Shlomi Schwartz
Shlomi Schwartz

Reputation: 8913

Keras - Hyper Tuning the initial state of the model

I've written an LSTM model that predicts the sequential data.

def get_model(config, num_features, output_size):
    opt = Adam(learning_rate=get_deep(config, 'hp.learning_rate'), beta_1=get_deep(config, 'hp.beta_1'))

    inputs = Input(shape=[None, num_features], dtype=tf.float32, ragged=True)
    layers = LSTM(get_deep(config, 'hp.lstm_neurons'), activation=get_deep(config, 'hp.lstm_activation'))(
        inputs.to_tensor(), mask=tf.sequence_mask(inputs.row_lengths()))

    layers = BatchNormalization()(layers)
    if 'dropout_rate' in config['hp']:
        layers = Dropout(get_deep(config, 'hp.dropout_rate'))(layers)

    for layer in get_deep(config, 'hp.dense_layers'):
        layers = Dense(layer['neurons'], activation=layer['activation'])(layers)
        layers = BatchNormalization()(layers)
        if 'dropout_rate' in layer:
            layers = Dropout(layer['dropout_rate'])(layers)

    layers = Dense(output_size, activation='sigmoid')(layers)
    model = Model(inputs, layers)
    model.compile(loss='mse', optimizer=opt, metrics=['mse'])
    model.summary()
    return model

I've tuned some of the layer's params using AWS SageMaker. While validating the model I've run a model with a specific configuration several times. Most of the time the results are similar, however, one run was much better than others, which led me to think that the initial state of the model is probably crucial in order to get the best performance.

As suggested in this video, weight initialization can provide some performance boost. I've googled around and found layer weight initializers, but I'm not sure what ranges should I tune.


Update: As suggested in some of the comments / answers I'm using a fixed seed to "lock" the model results:

# Set `python` built-in pseudo-random generator at a fixed value
random.seed(seed_value)
# Set `numpy` pseudo-random generator at a fixed value
np.random.seed(seed_value)
# Set `tensorflow` pseudo-random generator at a fixed value
tf.random.set_seed(seed_value)

The results replicate for each new train, however, different seeds can produce much better results than others.

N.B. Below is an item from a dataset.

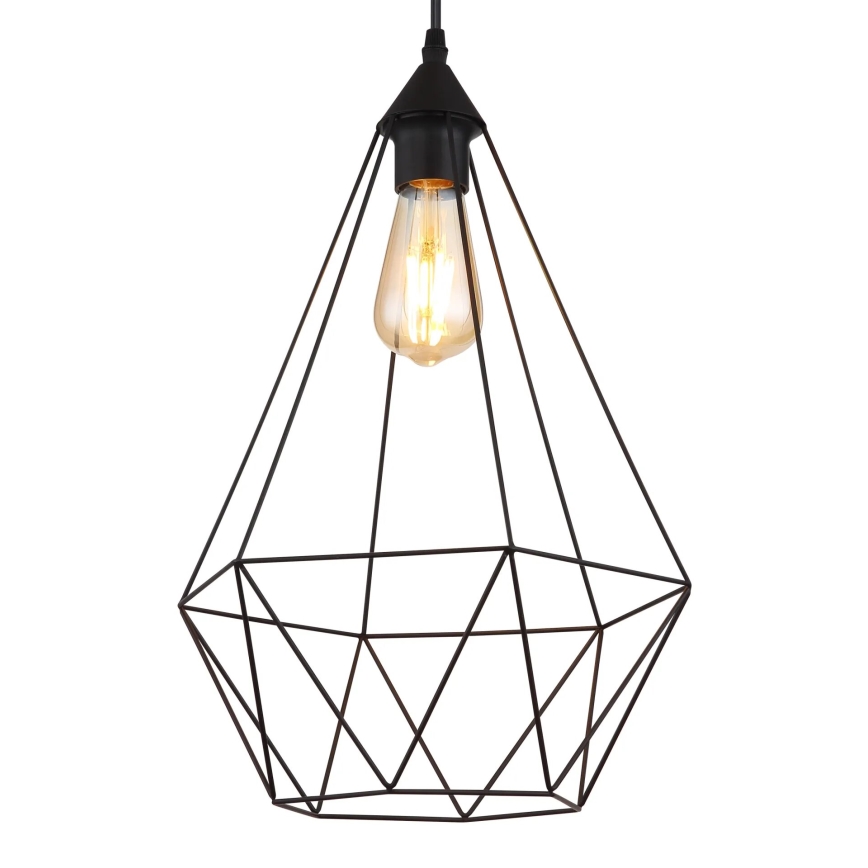 Globo - Kattokruunu johdossa 1xE27/60W/230V halkaisija 30 cm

So how do I find/tune the best seed?

Upvotes: 1

Views: 1156

Answers (5)

tdMJN6B2JtUe
tdMJN6B2JtUe

Reputation: 428

Short answer: you can neither efficiently nor effectively tune the seed for a pseudo-random number generator. It is not only infeasible due to the extremely large search space, but also impractical for many other reasons, including the fact that pseudo-random number generator implementations change from time to time so you would need to start over every time that happened.

If, for some reason, you are hell-bent on discovering this for yourself, I recommend using NumPy's default_rng object to be the single source of all pseudo-randomness in your algorithm. Then, based on a single seed, you can produce other seeds deterministically for use with, say, tf.random.set_seed.

Upvotes: 1

Innat
Innat

Reputation: 17239

... which led me to think that the initial state of the model is probably crucial in order to get the best performance. ..... As suggested in this video, weight initialization can provide some performance boost. I've googled around and found layer weight initializers, but I'm not sure what ranges should I tune.

Firstly, in that video, apart from the state or weights initializer, all the other factors such as learning rate, schedule, optimizer, batch size, loss function, model depth, etc are something you should play with them to find the best set (we will talk about the role of seed later). Normally, we don't need to tune the default weight or state initializer as those are currently the best; and as usual, this state initialization is a research problem.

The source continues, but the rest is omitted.